## TASK STATEMENT
Copy exactly the lines of the data below, beginning with the line with "Trasparenza Ribbon Lace-Up Stiletto Booties" and ending with the line with "Worldwide championship business". Pictures are to be omitted.

## DATA FOR THE TASK
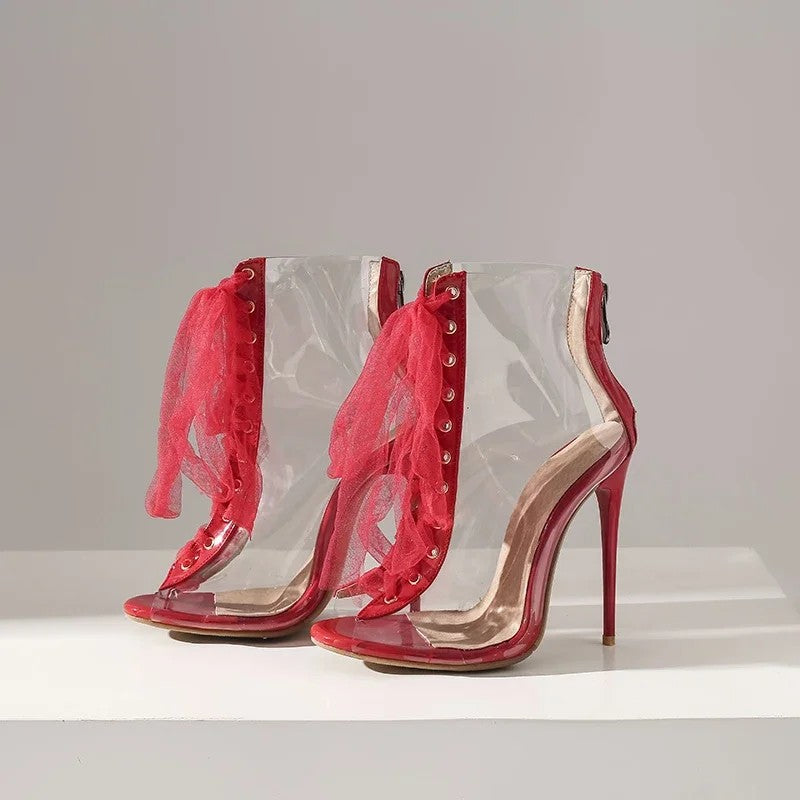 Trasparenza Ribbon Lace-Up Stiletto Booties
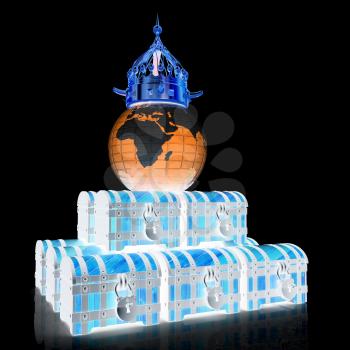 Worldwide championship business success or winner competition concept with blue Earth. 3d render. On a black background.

* * *

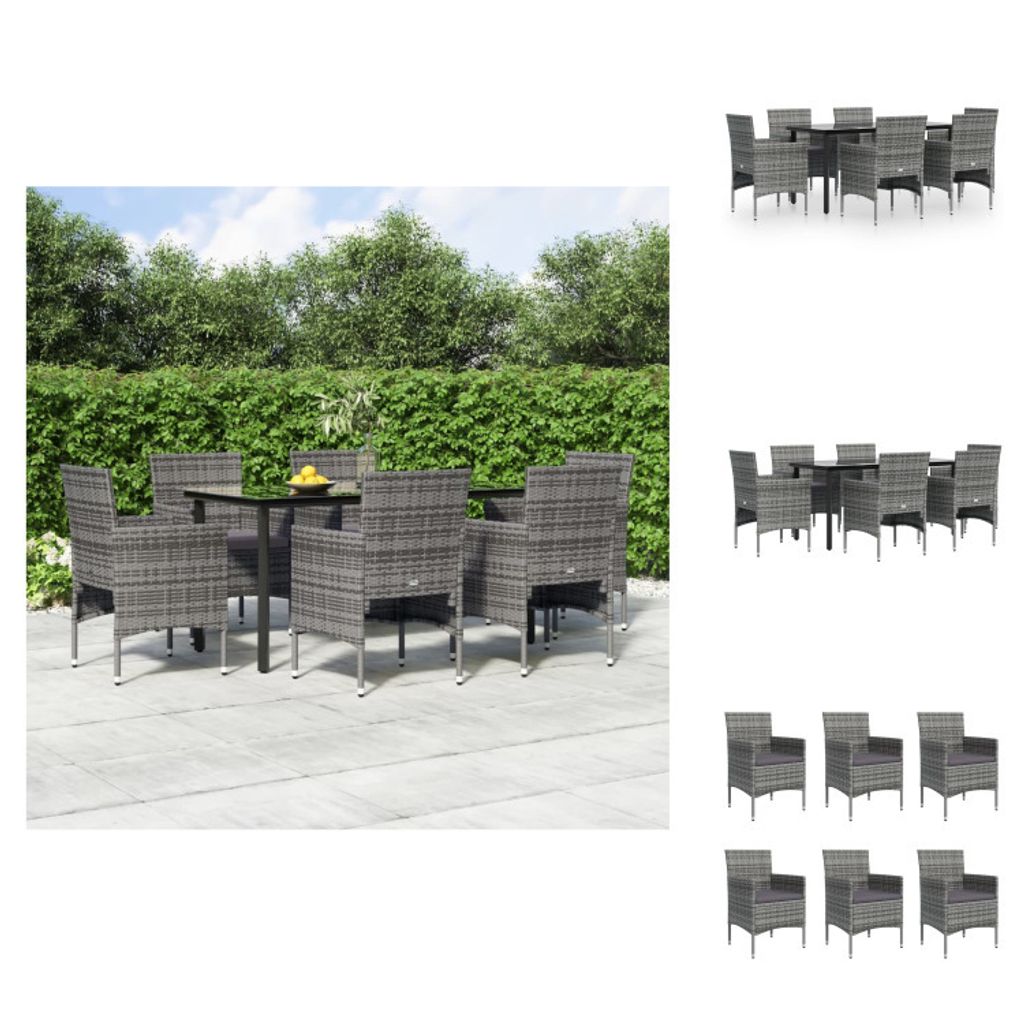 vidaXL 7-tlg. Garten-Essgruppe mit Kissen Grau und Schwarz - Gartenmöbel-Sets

---

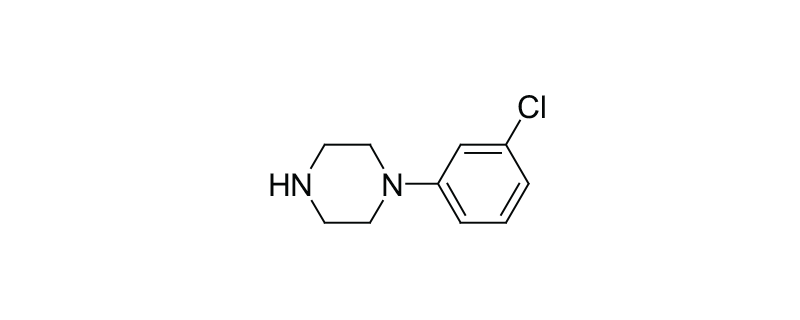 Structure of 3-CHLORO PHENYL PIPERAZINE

## OUTPUT FOR THIS EXERCISE
 Trasparenza Ribbon Lace-Up Stiletto Booties
 Worldwide championship business success or winner competition concept with blue Earth. 3d render. On a black background.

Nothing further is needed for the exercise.